- **Problem statement**:
Take the lines in the listing below from the line with "conjunto blazer e" up to and including the line with "9088 Yonge St, #501" and set them down exactly, skipping pictures and adding nothing.

- **Dataset**:
○ ○ ○ ○

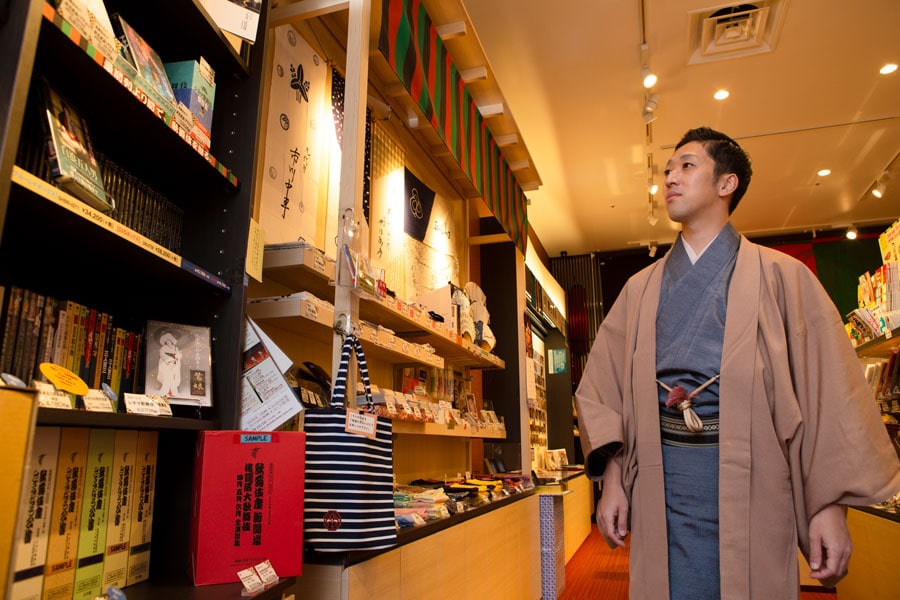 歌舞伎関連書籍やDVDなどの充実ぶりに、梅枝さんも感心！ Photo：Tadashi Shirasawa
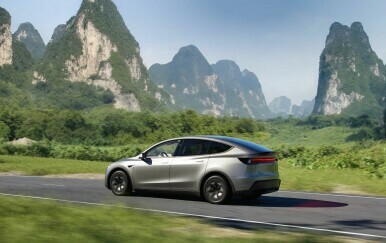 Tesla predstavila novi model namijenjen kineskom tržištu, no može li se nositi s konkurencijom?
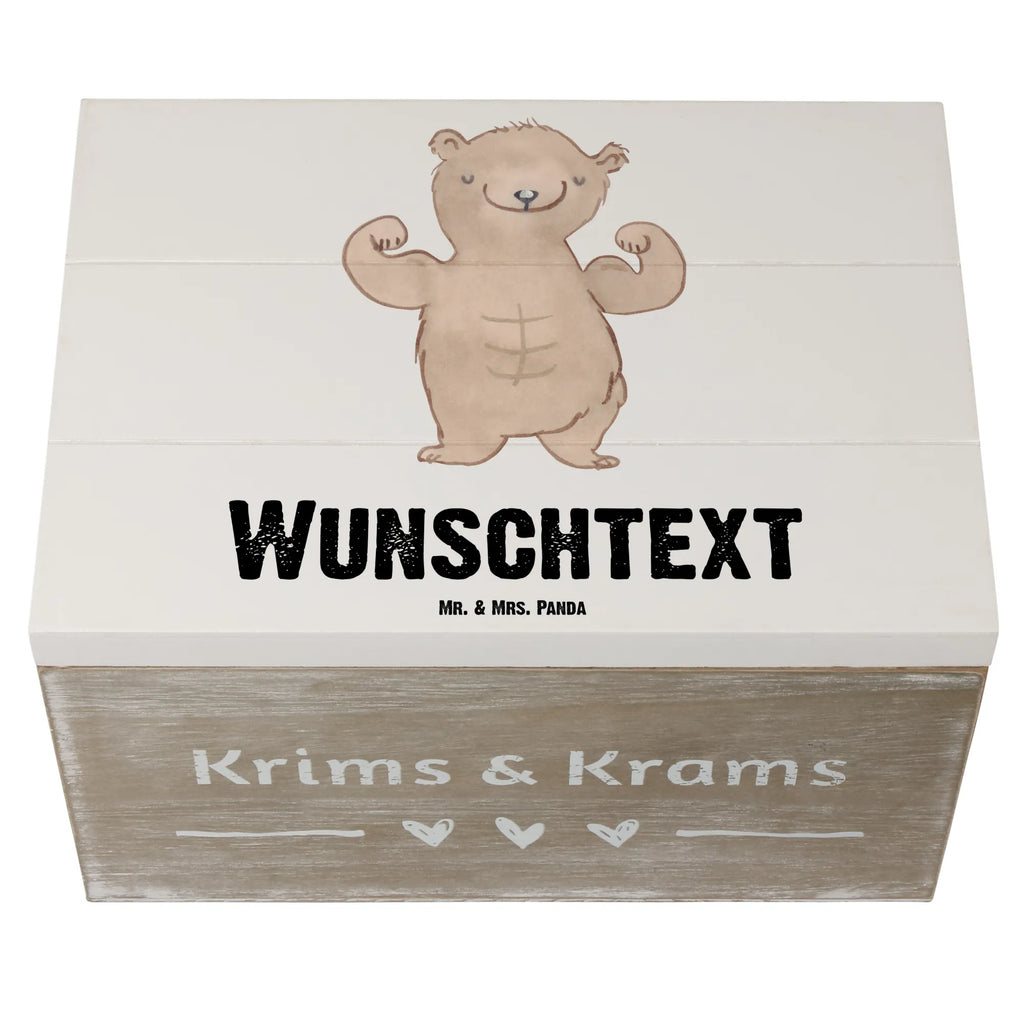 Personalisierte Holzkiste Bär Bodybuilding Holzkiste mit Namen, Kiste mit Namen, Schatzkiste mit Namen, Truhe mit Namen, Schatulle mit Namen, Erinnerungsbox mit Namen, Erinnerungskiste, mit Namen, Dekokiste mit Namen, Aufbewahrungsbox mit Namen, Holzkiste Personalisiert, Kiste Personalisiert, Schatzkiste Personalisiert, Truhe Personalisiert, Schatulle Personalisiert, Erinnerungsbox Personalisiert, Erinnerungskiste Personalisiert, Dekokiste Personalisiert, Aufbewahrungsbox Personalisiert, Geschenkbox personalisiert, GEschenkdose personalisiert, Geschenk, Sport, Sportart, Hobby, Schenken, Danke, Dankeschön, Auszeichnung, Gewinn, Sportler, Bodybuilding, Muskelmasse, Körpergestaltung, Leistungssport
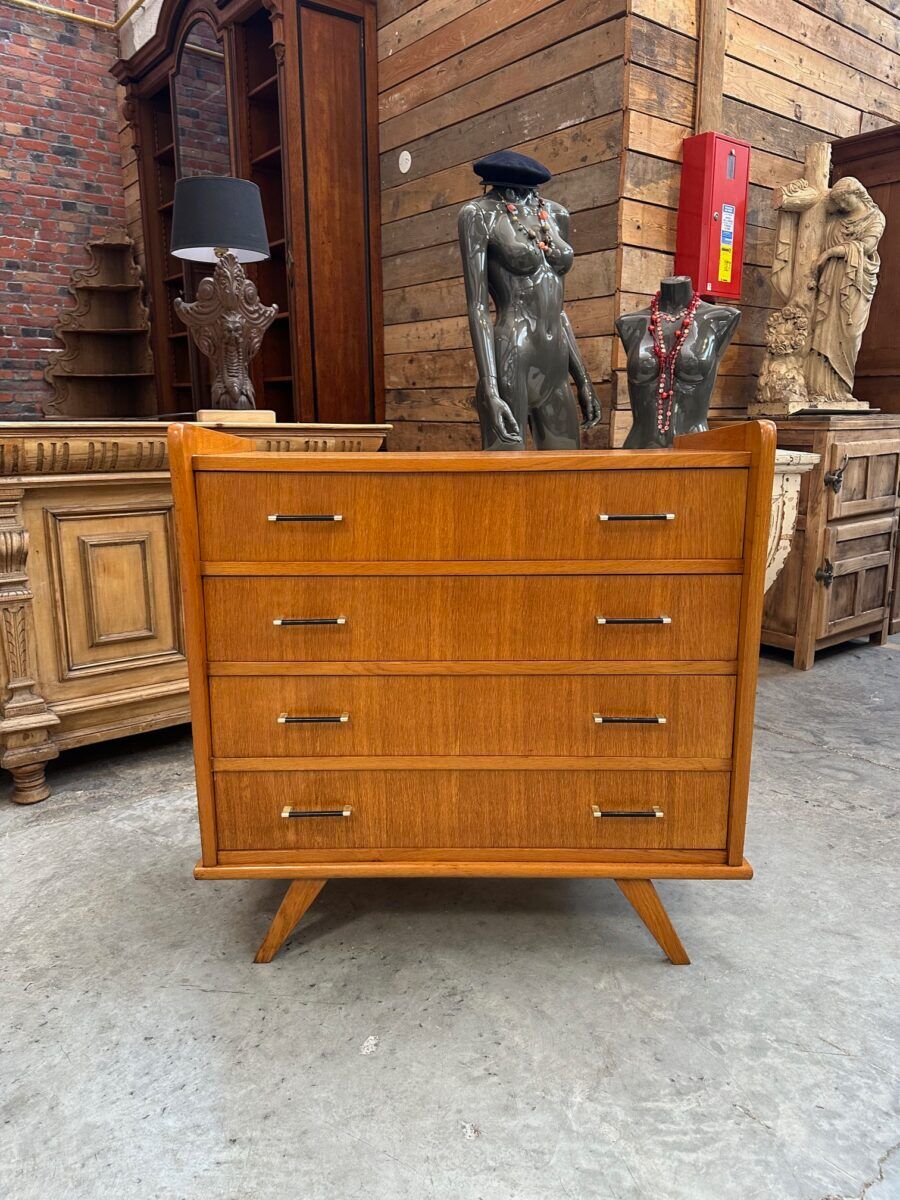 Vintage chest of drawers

○ ○ ○ ○

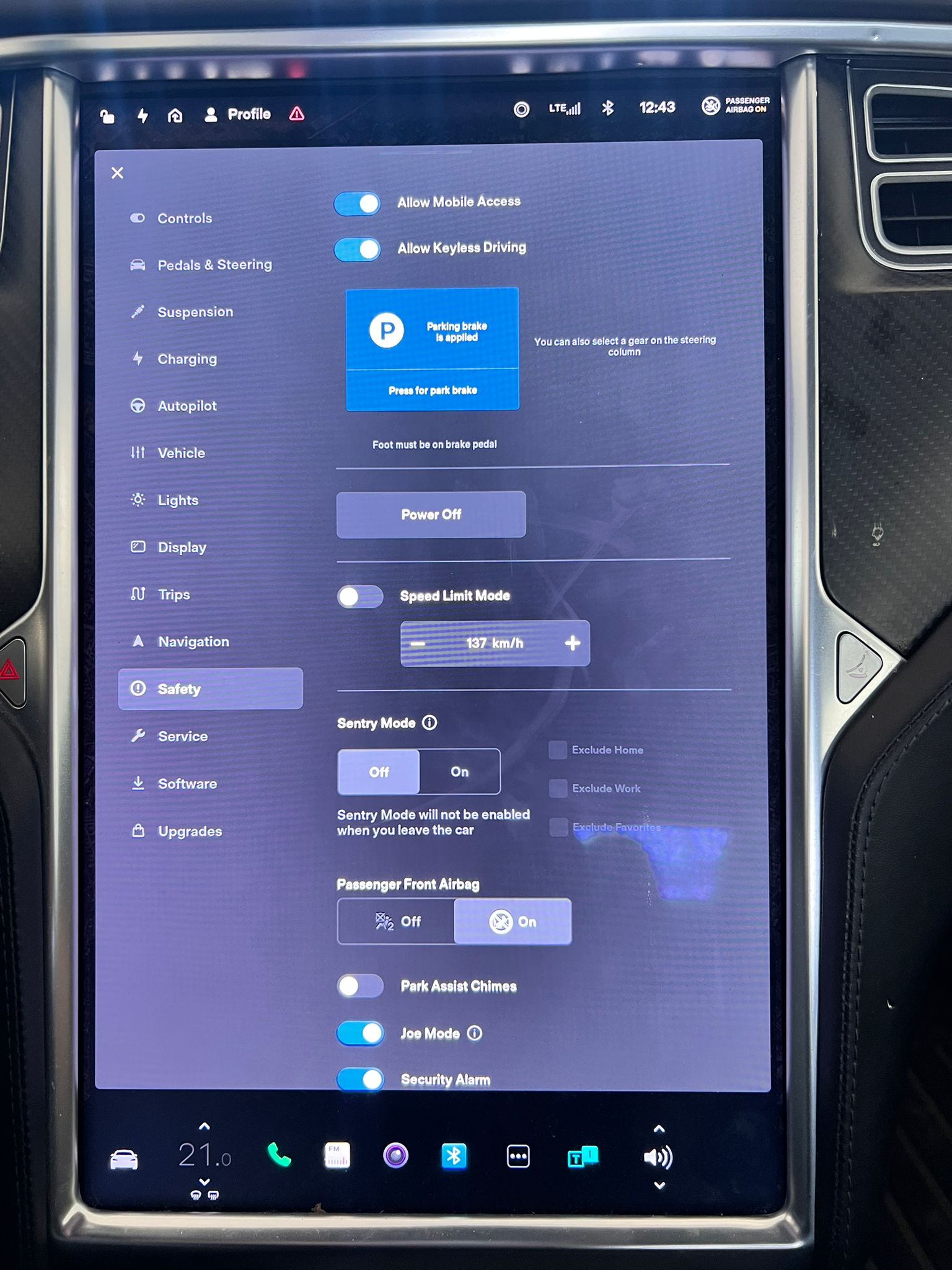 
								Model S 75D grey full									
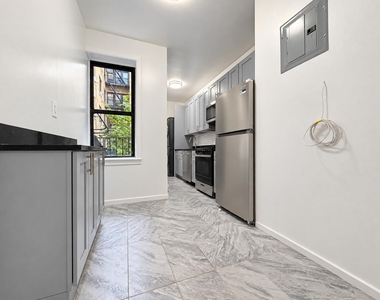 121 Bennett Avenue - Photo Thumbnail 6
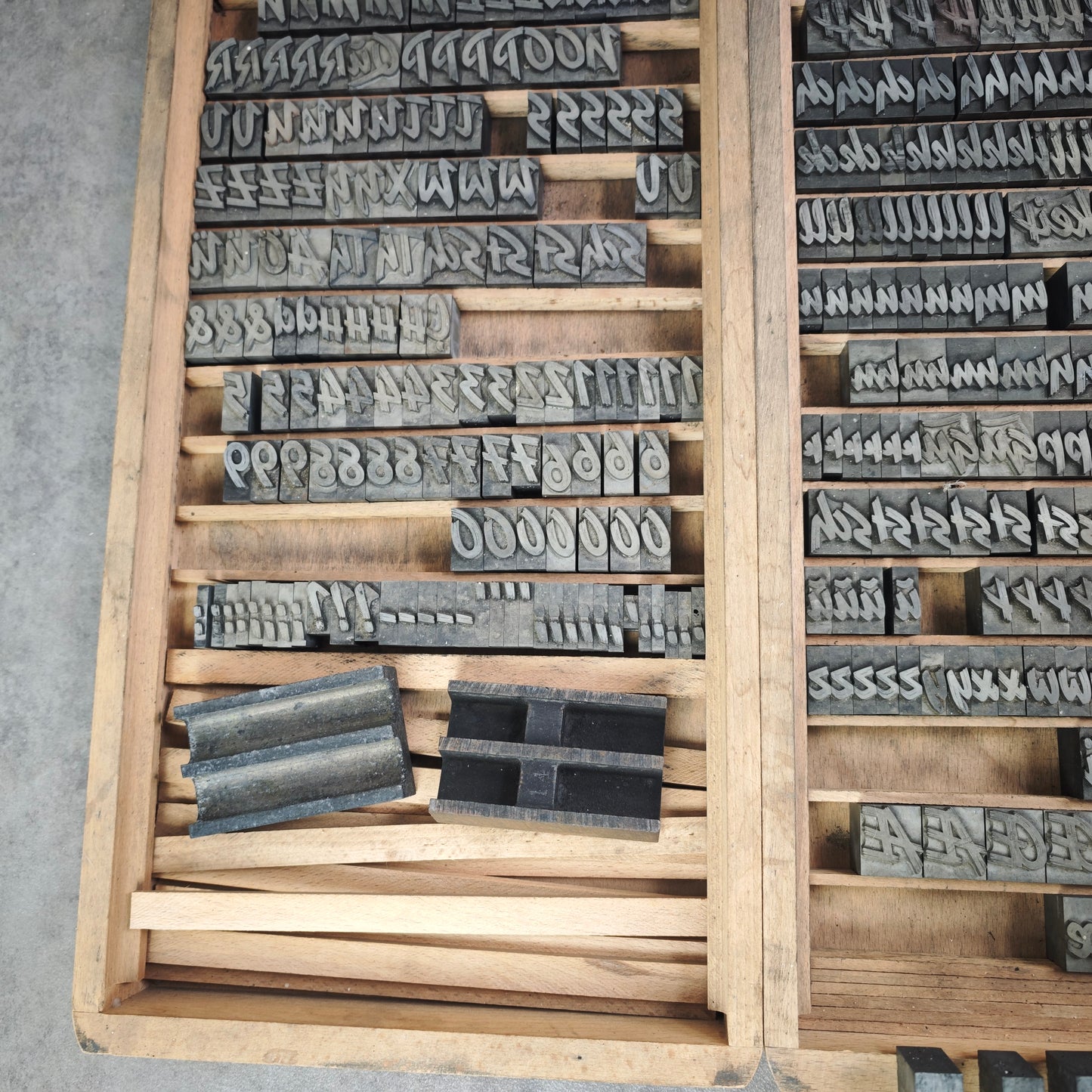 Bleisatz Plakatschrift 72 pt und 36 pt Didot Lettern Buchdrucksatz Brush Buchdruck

○ ○ ○ ○

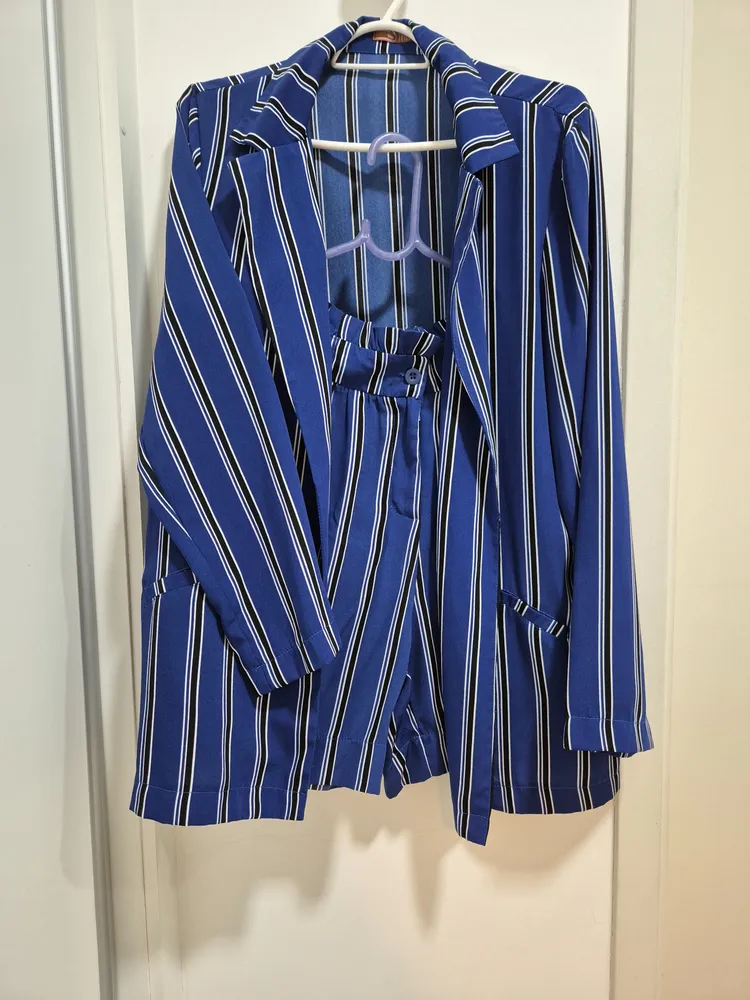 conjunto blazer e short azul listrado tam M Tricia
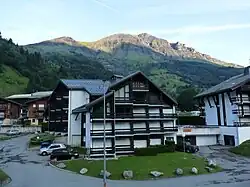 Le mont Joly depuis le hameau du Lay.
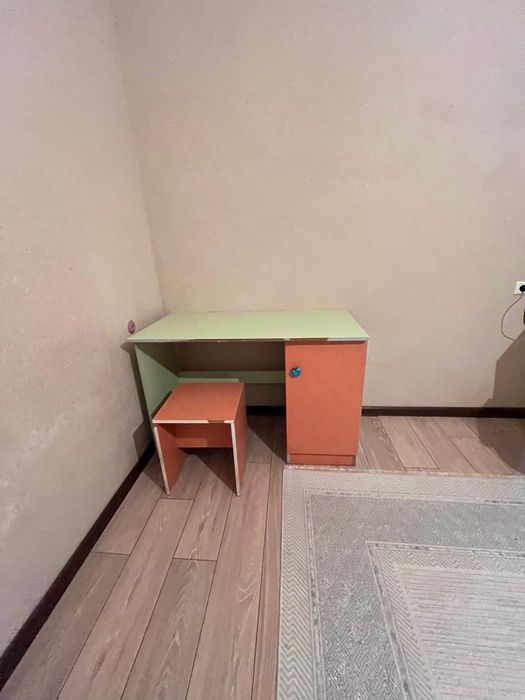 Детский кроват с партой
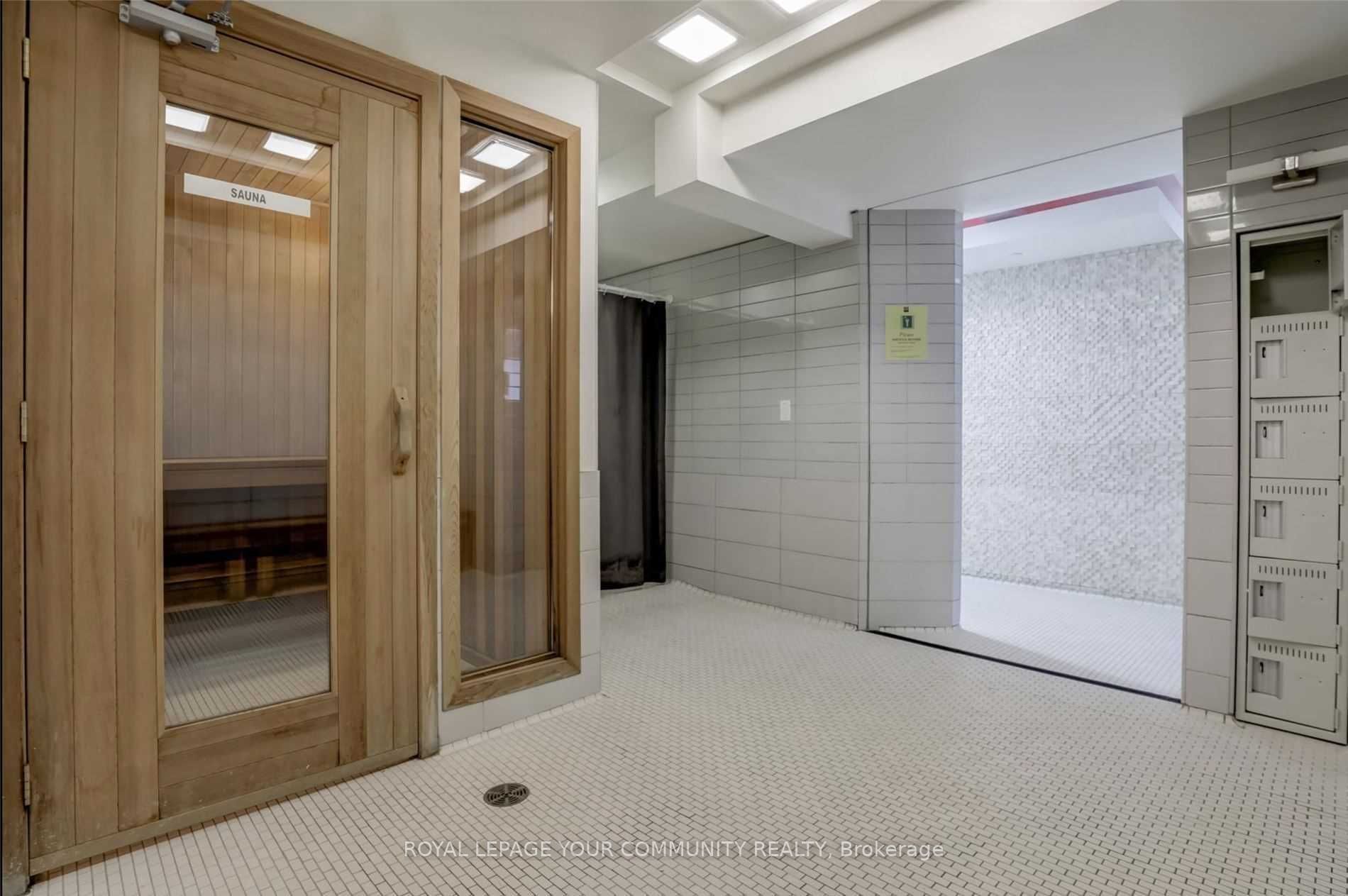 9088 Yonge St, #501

○ ○ ○ ○

- **Exercise response**:
 conjunto blazer e short azul listrado tam M Tricia
 Le mont Joly depuis le hameau du Lay.
 Детский кроват с партой
 9088 Yonge St, #501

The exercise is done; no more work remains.